La Brie, 83, started with the college in 1985, during an era of the Apple IIe computer, floppy disk and slide projector. She will now be retiring at the end of August, during the age of Dell computers, CDs, DVDs, PowerPoints, ceiling projectors, Facebook and Twitter.
“For an old-timer like me, it’s almost gone too far in that direction of social media,” she added with a laugh.
La Brie said that “change” is definitely a word she would use to characterize her almost three decades with the college, along with words like “innovation” and “partnerships.”
Over the years of her career, she has worked to create a number of job training and educational programs that have led to successful employment opportunities in the community. In order to do that, however, she noted that Continuing Education staff members at the AWC Entrepreneurial Center, 1351 S. Redondo Center Dr., are regularly looking at the way they do things to best accommodate both their student population and the business community.
“We’re constantly addressing change as far as what the needs are in the community, and that’s a challenge,” she said, noting however that one of the things that has never changed is their center’s mission to create opportunities for students to prevent them from dropping out of school.
La Brie explained that the college’s career center has been innovative in the sense that they are able to operate like a business and they don’t have to “jump through any bureaucratic hoops.”
She added that they also respond to what businesses need through their many partnerships.
“We have a reputation to maintain, and the community expects that if they contact us for something, we will respond,” said La Brie.
Their focus at the center is now also shifting to getting higher-level skill programs for students as to also attract higher-paying industries to the area.
Some of the highlights of La Brie’s career include writing and negotiating U.S. Department of Labor JTPA (Job Training Partnership Act) and WIA (Workforce Investment ACT) grants as well as Department of Economic Security grants – all of which generated additional funding and/or resources for the college.
She also collaborated with the City of Yuma to manage a Housing and Urban Development grant for the redevelopment of a low-income neighborhood, of which students in building trades program helped to build five homes. “Several of those students have gone on and formed their own contracting businesses. We can see people who have gone on to college, got jobs.”
The Yuma Rotary Club, Yuma County Chamber of Commerce, Yuma Technology Consortium, Greater Yuma Economic Development Corporation, United Way, and National Council for Occupational Education are just a few examples of boards and organizations that she has been a part of over the years.

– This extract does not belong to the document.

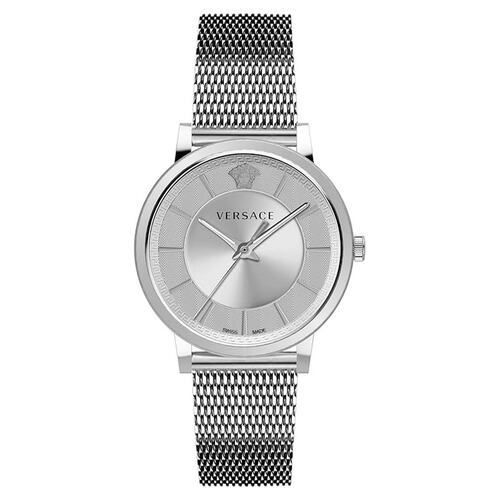 Versace Herren Uhr Armbanduhr Edelstahl V-Circle VE5A00420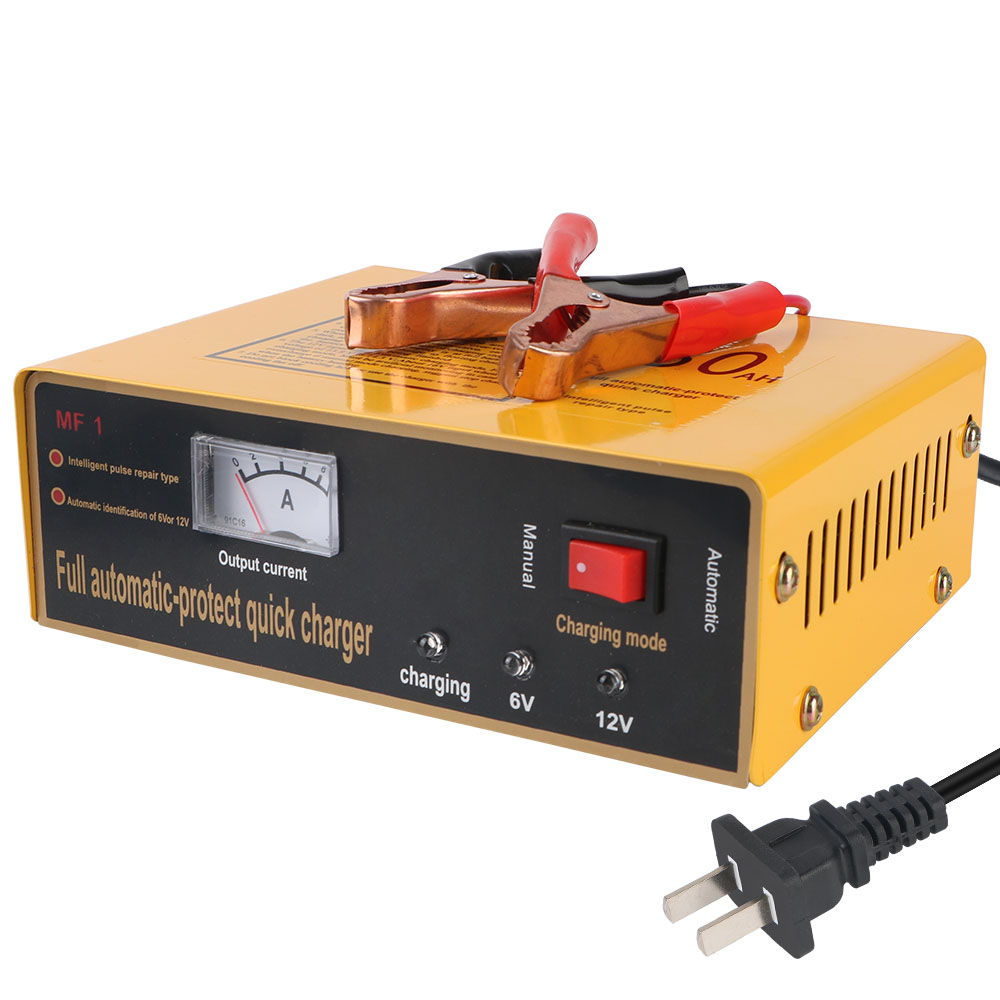 車のバッテリー充電器全自動 LCD ディスプレイ複数の保護修理車メンテナンス保護急速充電器 6 V/12 V 120 ワット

A fourth-generation Yuman, La Brie now plans to compile her years of family and historical research into books upon her retirement – a project she’s already put a lot of work into over the last 30 years.
“I have taped interviews of people that graduated from Yuma High when it was at the old Prison Hill that are long gone now… I’m intrigued by all that,” she said.

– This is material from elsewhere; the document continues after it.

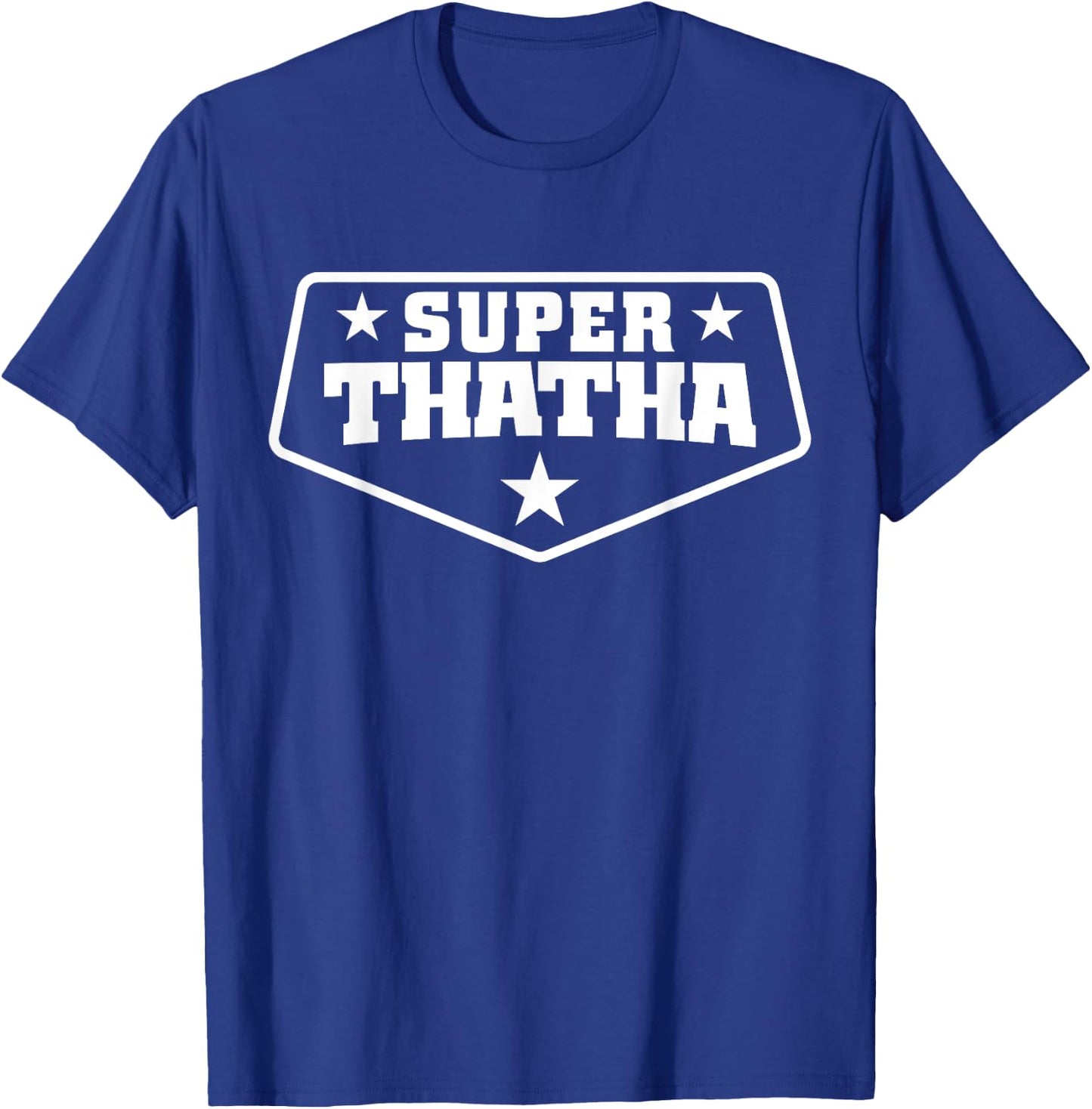 Super Thatha Shirt for Tamil Grandpa T-Shirt - T-Shirt | Royal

“You have to stay active in doing something, even if your bones don’t feel like it, something you feel like you need to do, that the world is waiting for you to do.”
As a “lifelong learner,” she said that she hopes to enroll in some college courses as well when she retires.
“I’m going to be busy,” she said about retirement. “I’ve always been busy, but maybe I’ll take more naps. I take a 20-minute nap at noon every day – no apologies.”